Le conflit, d’abord latent, entre les partis de gauche, avec leurs formations paramilitaires, et le gouvernement fédéral, qui s’appuie sur la province, paysanne et conservatrice, éclate une première fois en 1927 (démonstrations de rue, incendie du Palais de Justice le 15 juillet), puis en 1934 (combats de février, au cours desquels est bombardé le Karl-Marx-Hof). Un nouveau réseau routier réalisé à cette époque assure un accès facile du Wienerwald. Après l’Anschluss de 1938, de nouveaux faubourgs et quelques communes adjacentes sont à leur tour rattachés administrativement à la cité.

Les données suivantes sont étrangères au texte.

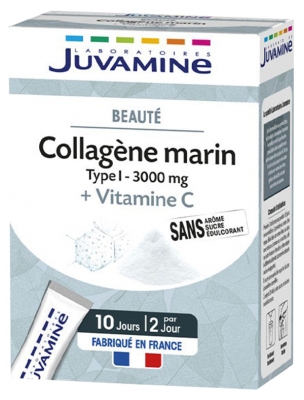 Juvamine Collagene Marino di Tipo I 3000 mg + Vitamina C 20 Bastoncini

Les bombardements alliés et les combats qui précèdent la prise de la ville par les troupes russes en avril 1945 entraînent la ruine d’à peu près 13 p. 100 des maisons d’habitation et 25 p. 100 des installations industrielles. De 1945 à 1955, Vienne, enclave dans la zone d’occupation soviétique, est placée sous contrôle interallié.

En 1954, une partie des territoires englobés après 1938 sont de nouveau rattachés au Land de Basse-Autriche, la ville comptant désormais vingt-trois arrondissements. Les ruines réparées, dont celles de la cathédrale, de l’Opéra, du Burgtheater, on met en œuvre un vaste programme de constructions : nouveaux ensembles d’habitations « municipaux », notamment sur l’« autre » rive du Danube, nouvelles voies de communication, etc.

Reliée aux provinces occidentales et méridionales, et, du même coup, aux principaux pays de l’Europe occidentale par des autoroutes à grand débit, un bon réseau routier, plusieurs voies ferrées et des lignes aériennes (qui utilisent l’aéroport de Schwechat), Vienne est un des relais les plus importants pour les échanges — politiques, économiques, culturels — entre l’ouest et l’est de l’Europe.


Une capitale culturelle

Capitale, jusqu’au début de ce siècle, d’un des grands États européens, Vienne devient très tôt un centre culturel important. La cour des Babenberg attire les grands Minnesänger, dont Reinmar et Walther von der Vogelweide. De nombreux monuments dans la ville ou dans le proche voisinage (abbaye de Klosterneuburg, où l’on conserve les panneaux d’autel [1181] de Nicolas de Verdun ; abbaye de Heiligenkreuz, fondée en 1135) témoignent de ce premier apogée. Au service successivement des empereurs Frédéric III et Maximilien Ier, l’humaniste Konrad Celtis (1459-1508) organise à Vienne une sodalité savante (Sodalitas Danubiana). Après la victoire sur les Turcs, Vienne se couvre d’édifices luxueux.

La réforme joséphiste de l’État entraîne la constitution d’un fonctionnariat bourgeois, éclairé et libéral : cette classe sociale devient le support de la culture autrichienne. Sous Marie-Thérèse, l’université est soustraite à l’autorité des Jésuites ; la faculté de médecine est réorganisée sur le modèle de celle de Leyde et devient rapidement l’une des plus célèbres d’Europe. En 1776 est fondé le Burgtheater, à la fois théâtre de cour (du « château ») et théâtre « national » allemand. Dans les faubourgs prospèrent des théâtres populaires réputés. La musique, que les grandes maisons nobles continuent à favoriser, atteint un public de plus en plus vaste et connaît un essor remarquable. Il en est de même de la littérature et de l’art, en particulier dans la bourgeoisie juive.